For this exercise, copy exactly every line from the one holding "new 2025 Jeep" through the end of the data, both included. Omit pictures.

:: Provided entries ::

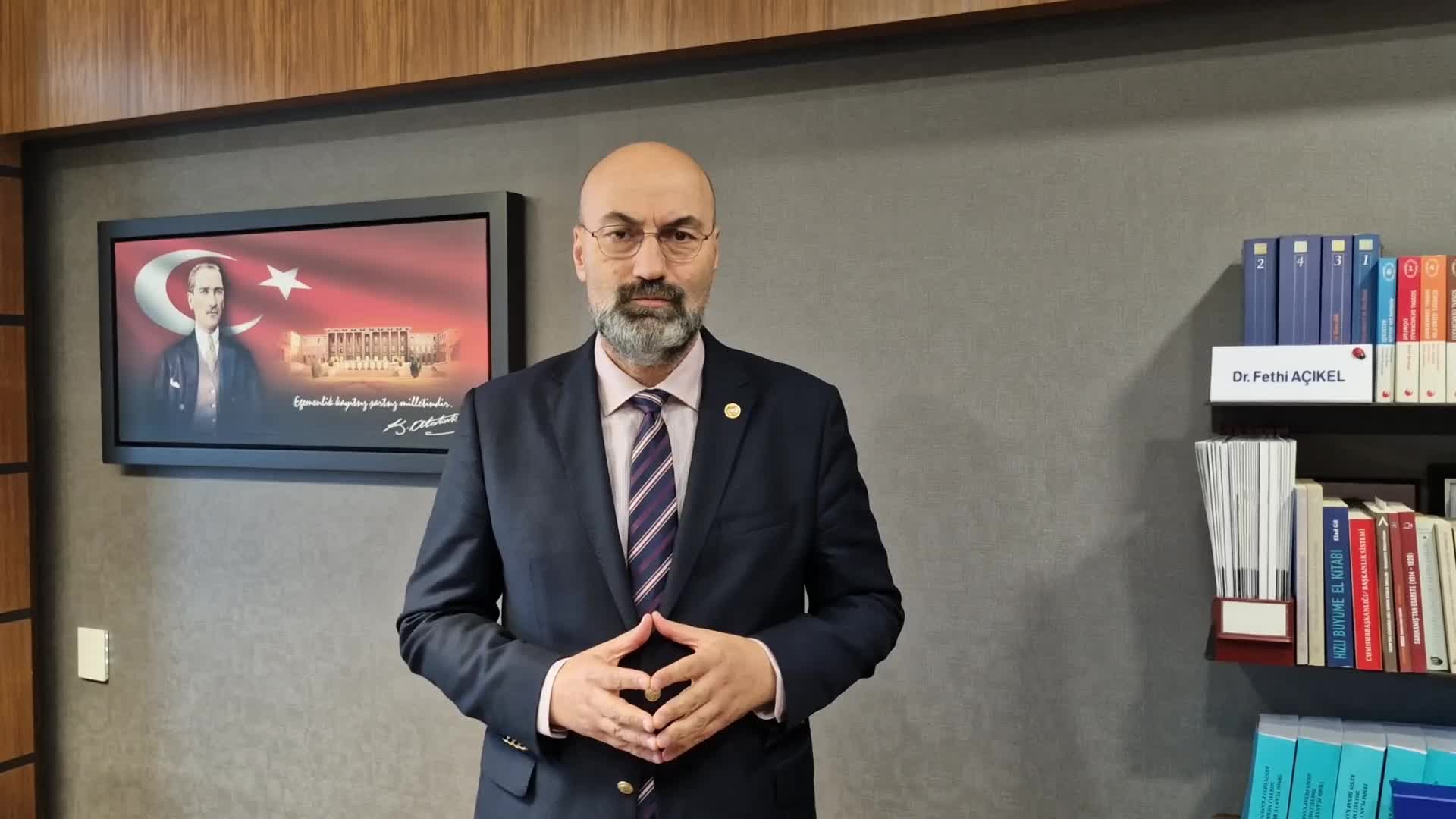 Fethi Açıkel: "Türkiye’nin ihtiyacı yeni anayasa değil, yeni iktidardır"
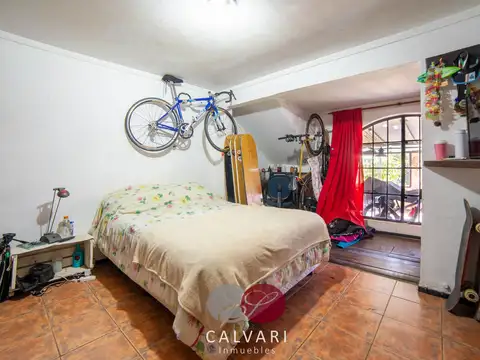 Casa 4 ambientes con 2 baños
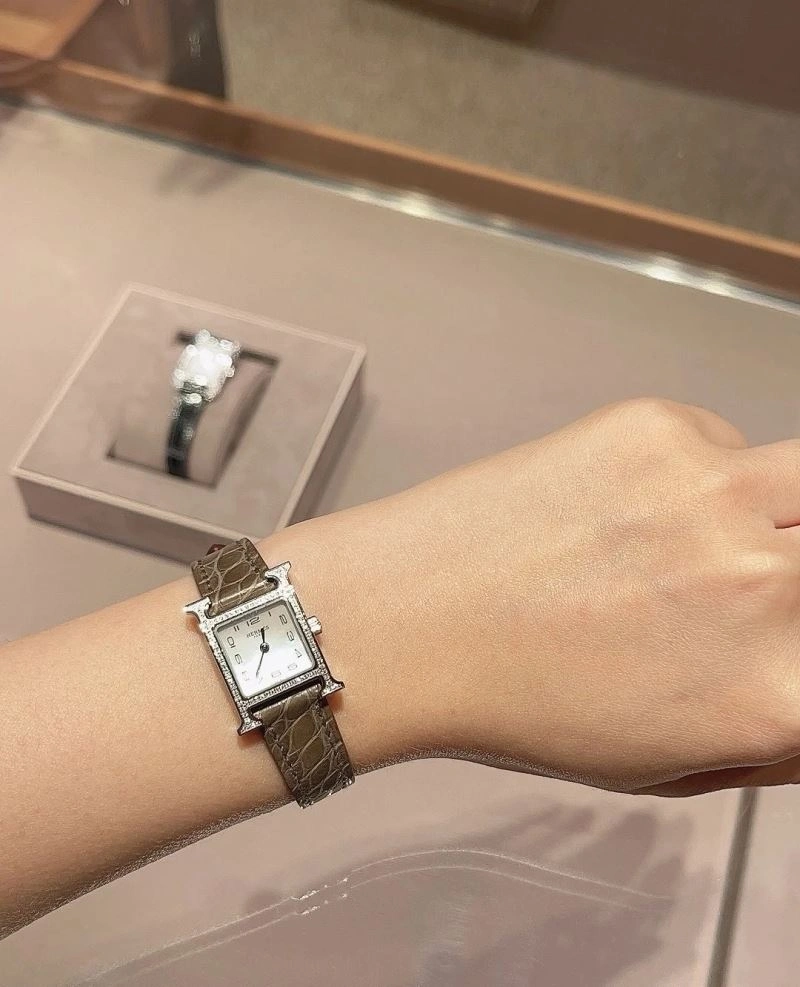 Soft HERMES Watches 183702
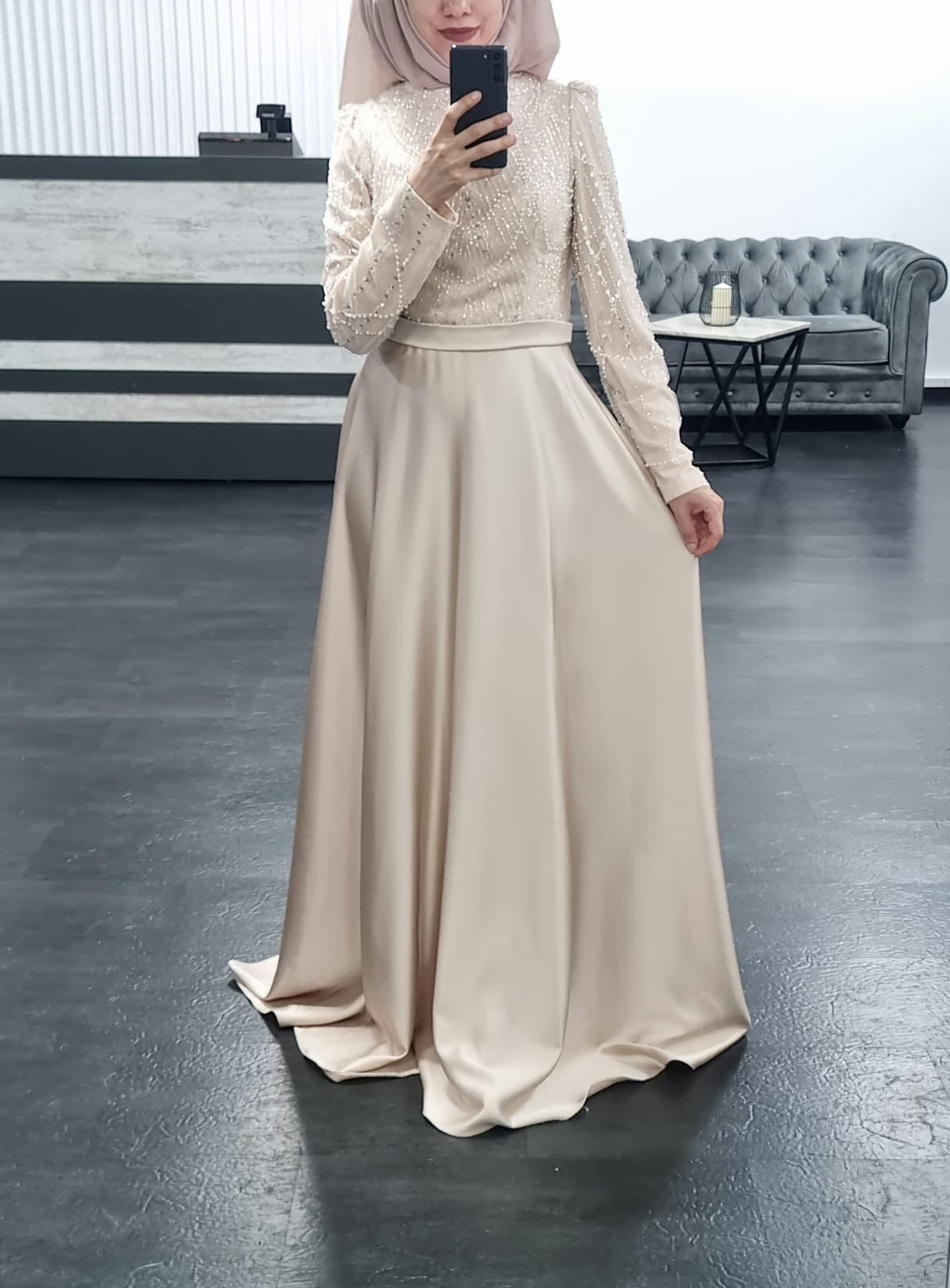 A63 - Abendkleid beige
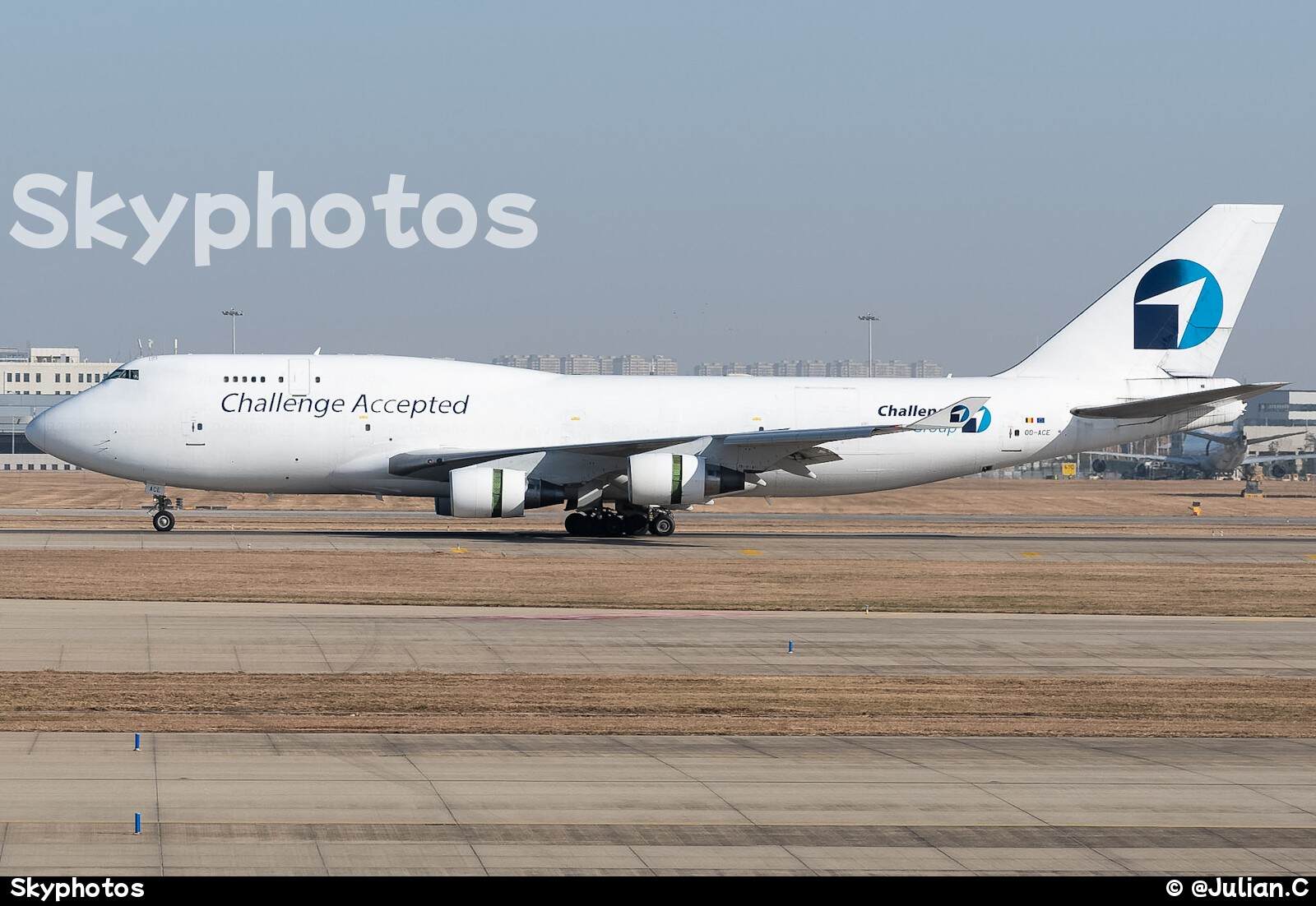 Challenge Airlines BE Boeing 747-412（BCF）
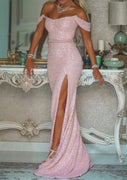 Vestido de baile longo rosa com lantejoulas e decote sereia com decote ombro a ombro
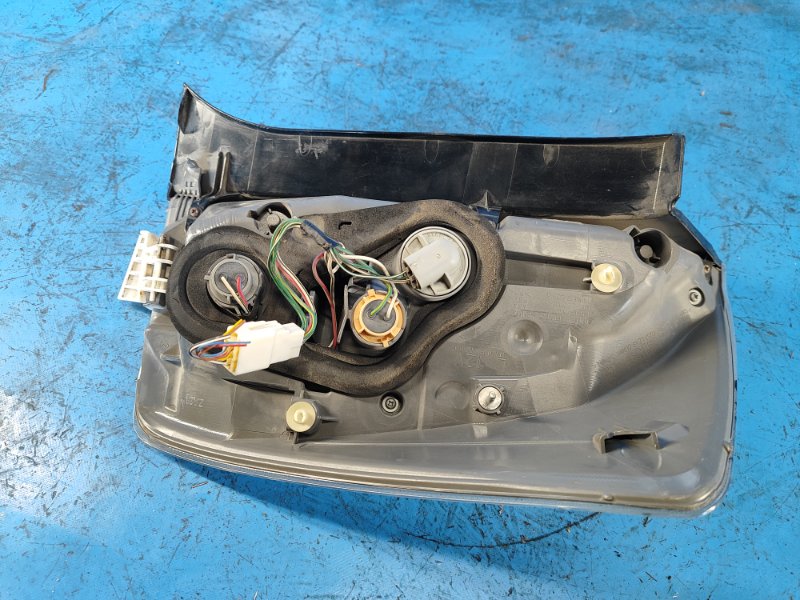 Фонарь наружный левый PRIUS - 30 09-17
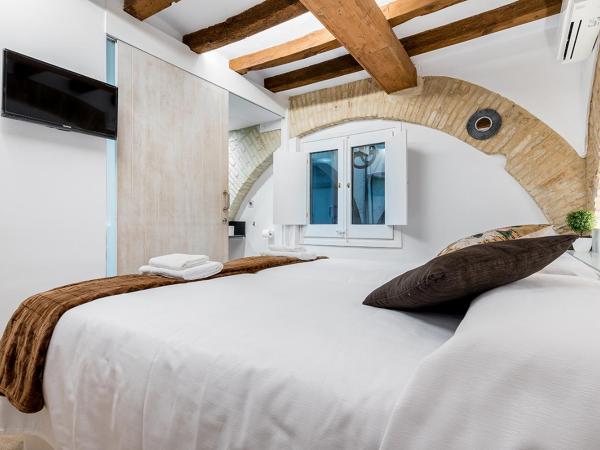 Hostal 977 : photo 8 de la chambre chambre lits jumeaux avec salle de bains privative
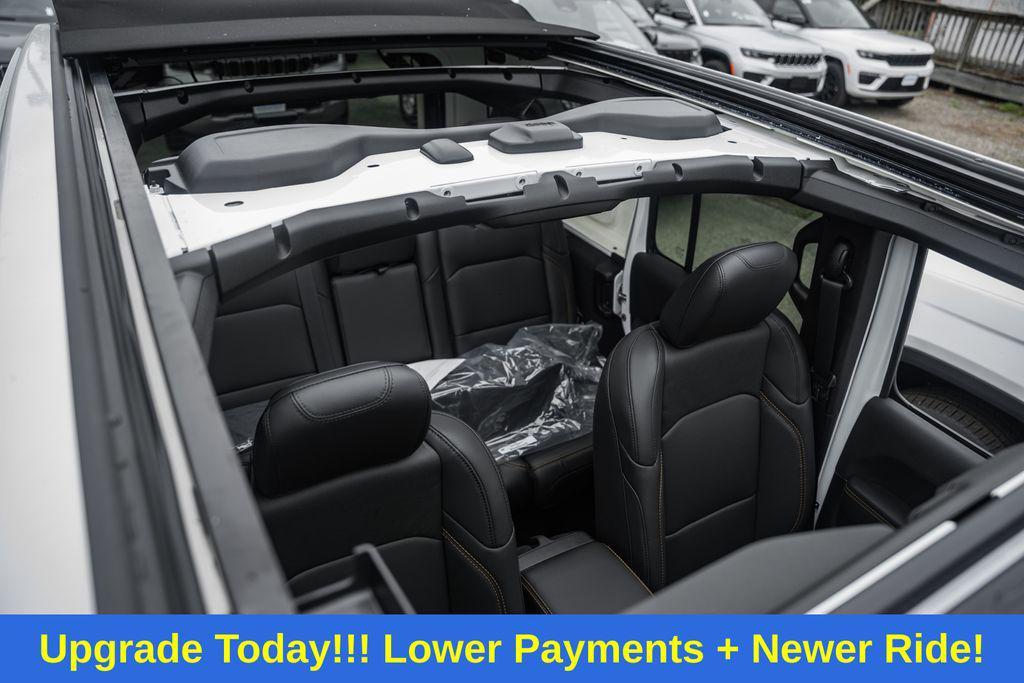 new 2025 Jeep Wrangler car, priced at $51,742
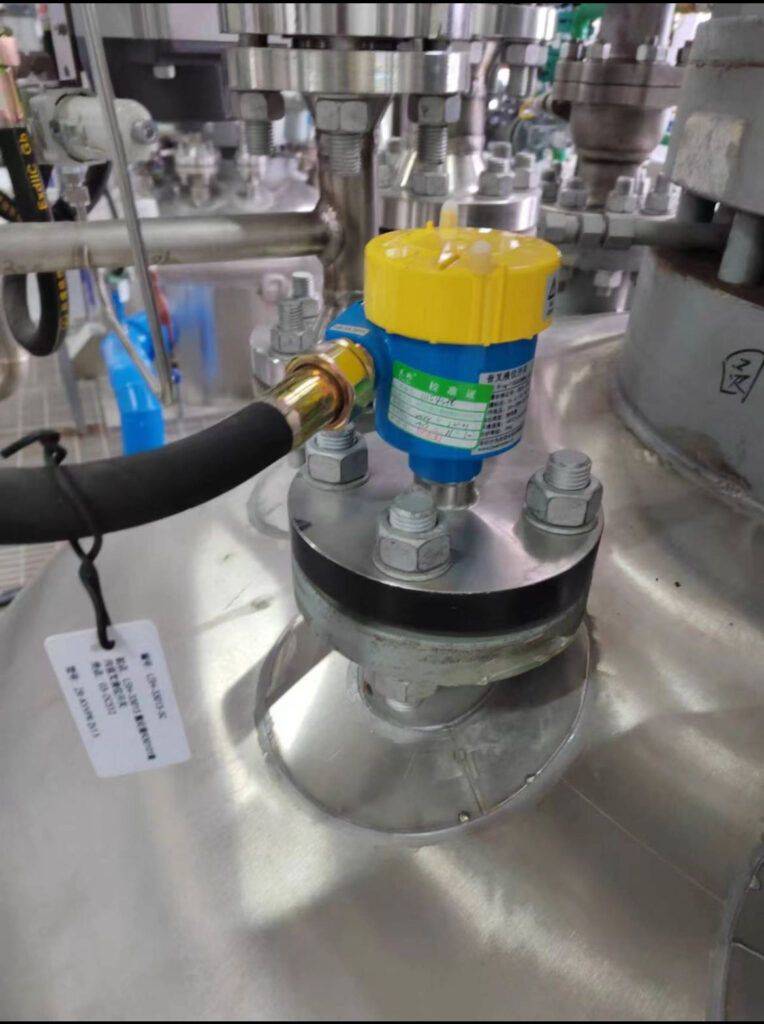 原油储罐液位测量与点位检测解决方案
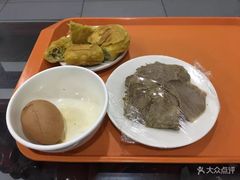 -牛一嘴·兰州牛肉面·大盘鸡(财富中心店)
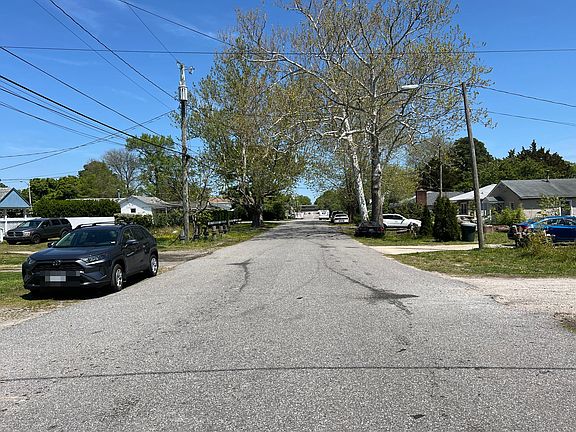 5th image of 214 Center Ave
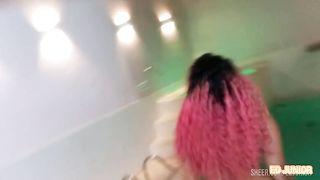 BALADINHA COM UMA NOVINHA COM MUITO SEXO SEM CAMISINHA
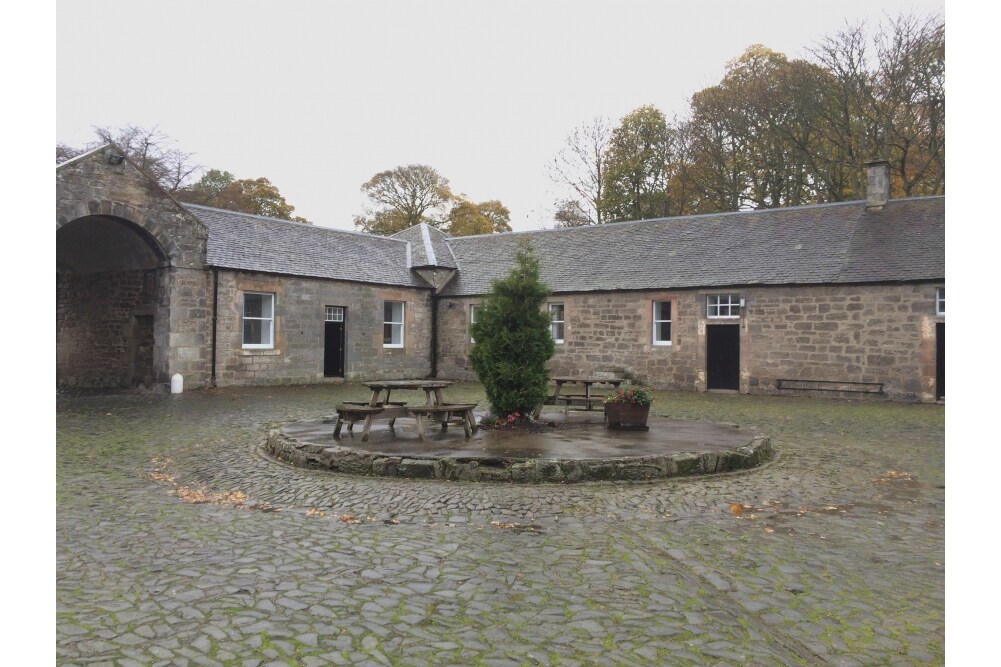 52-52A Mortonhall Gate, Edinburgh for sale Primary Photo- Image 1 of 1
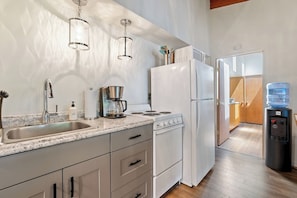 Refrigerador con congelador, microondas, horno y parrilla de estufa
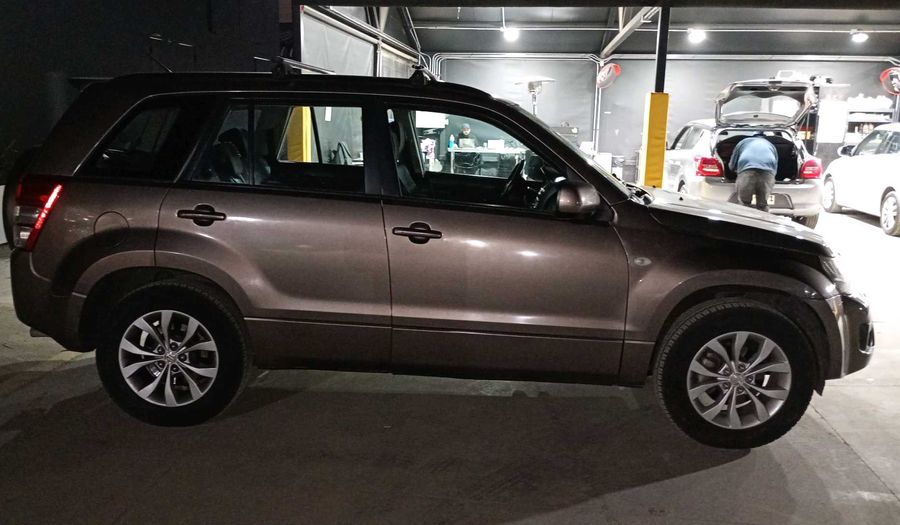 Suzuki Grandnomade 2.4 GLX SPORT Suv 2015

:::

● **Answer below**:
 new 2025 Jeep Wrangler car, priced at $51,742
 原油储罐液位测量与点位检测解决方案
 -牛一嘴·兰州牛肉面·大盘鸡(财富中心店)
 5th image of 214 Center Ave
 BALADINHA COM UMA NOVINHA COM MUITO SEXO SEM CAMISINHA
 52-52A Mortonhall Gate, Edinburgh for sale Primary Photo- Image 1 of 1
 Refrigerador con congelador, microondas, horno y parrilla de estufa
 Suzuki Grandnomade 2.4 GLX SPORT Suv 2015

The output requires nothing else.